I tried real hard to be a pessimist with you, not because I truly shared the sentiment, but because it didn’t seem right for you to have to be alone in your brokenness.
You were, mostly, honest about yourself (I still have a secret of yours that I will respectfully continue to carry). You didn’t hold out hope for a happily ever after for yourself, but fought really hard for me to see that I could have one, and with someone more whole than you. It took me years to understand, to see that you were right.
One late night in the fall we spent together, we were commiserating in low whispers about the absurdity of love. It was a cold night and you shivered in some funny way that reminded me of a dog shaking off some raindrops or something. I took to calling you Astro, after the dog from the Jetsons. Just between us, as an inside joke. In return, you called me something relating to the cat from the Flinstones, but I can’t quite remember what it was. I won’t look it up for fear it will make me even sadder than I already am for you.
The vintage cartoons were a nod to our age difference. You were 24 years older than me. I gave you a detailed drawing I’d made of Astro for Christmas that year; you said it was the most thoughtful gift you’d ever gotten. I wonder what ever happened to that drawing, if it was found among your things afterward.
Our friendship rather abruptly ended right around the time the rest of my life began. Maybe that was how it was supposed to go. Maybe I couldn’t be where I am if I’d tried to keep you. Maybe somehow you knew that. I don’t like the idea that our elders are supposed to be respected by default and their perspective is inherently correct; I don’t believe that at all. But think I’ll give you this one, posthumously.

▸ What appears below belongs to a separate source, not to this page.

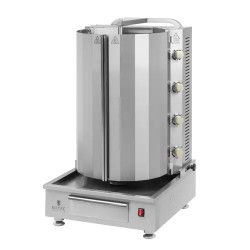 Royal Catering kaasudönergrilli 4 poltinta 16 kW 60 kg kapasiteetti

We were friends (well, more than friends) almost ten years ago, for a time. I haven’t spoken to you since that time and you died about four years ago, a fact I found out recently almost as an afterthought. You were never an afterthought to me.
You’re gone, but my heart still knows your name. I have a list in there, of the people who’ve made an impact on me (in the right ways, mind you). I carry that list, and therefore those people, with me. And while I know it may not seem like it based on the way we ended things, I am not sorry your name is on that list.